Colorado and Minnesota Caucuses

Today are presidential caucuses in Colorado and Minnesota, between which 76 delegates will be unofficially rewarded. (There's also a Missouri Primary today, but it's worth zero delegates; they do their official voting at their March 17 Caucus.) Before we get to the latest polls, here are the latest standings for the Republican Presidential Primary:

CNN Standings
1. Romney--99
2. Gingrich--33
3. Paul--15
4. Santorum--11

MSNBC Standings
1. Romney--84
2. Gingrich--29
3. Santorum--14
4. Paul--11

Real Clear Politics Standings
1. Romney--78
2. Gingrich--28
3. Santorum--8
4. Paul--7

There have been two post-Florida polls taken in each of today's two caucus states--Minnesota and Colorado. The first was taken on February 4, the second from the 4th to the 6th, and both were taken by Public Policy Polling. And they said:

Colorado (33 delegates):
1. Romney--40%, 37%
2. Santorum--26%, 27%
3. Gingrich--18%, 21 %
4. Paul--12%, 13 %

Minnesota (37 delegates):
1. Santorum--29%, 33% (!)
2. Romney--27%, 24%
3. Gingrich--22%, 22%
4. Paul--19%, 20%

Three things to look for in tonight's contests:
1. Note the above surge for Santorum in both states. Perhaps the country is getting sick of the Gingrich shtick? If Santorum finishes ahead of Gingrich in both states, the former Speaker will be hard-pressed to push forward as the "conservative alternative" who will be the "last man standing with Romney." Perhaps, then, it would be Santorum, not Gingrich, who ultimately rivals Romney in the conservative south.

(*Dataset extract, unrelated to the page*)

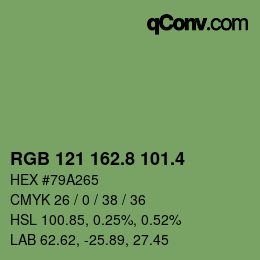 カラーコード: RGB 121 162.8 101.4 | qconv.com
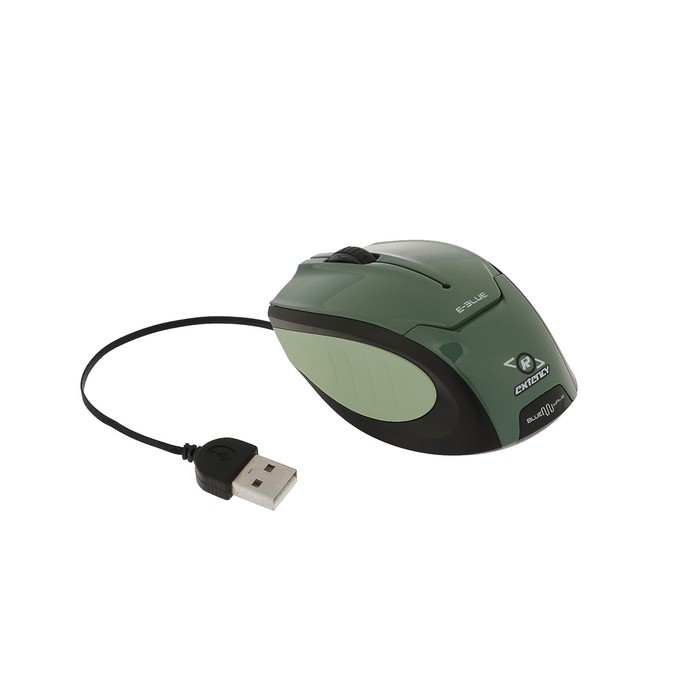 Мышь E-Blue Extency Проводная, черная, скручивающийся кабель, УФ покрытие, стиль спортивных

2. Can Ron Paul sneak into either top 3? As shown in the Republican Primary Standings at the top of this post, Paul is running neck and neck with Santorum for third place overall, and he even leads Santorum in the CNN estimates. If Paul finishes in 3rd in one or both states, whoever he finishes ahead of--whether it be Gingrich or Santorum--will not only be awfully embarrassed, but the pressure will rise for them to drop out, especially with no boost in cash flow after the disappointing fourth place out of four finish.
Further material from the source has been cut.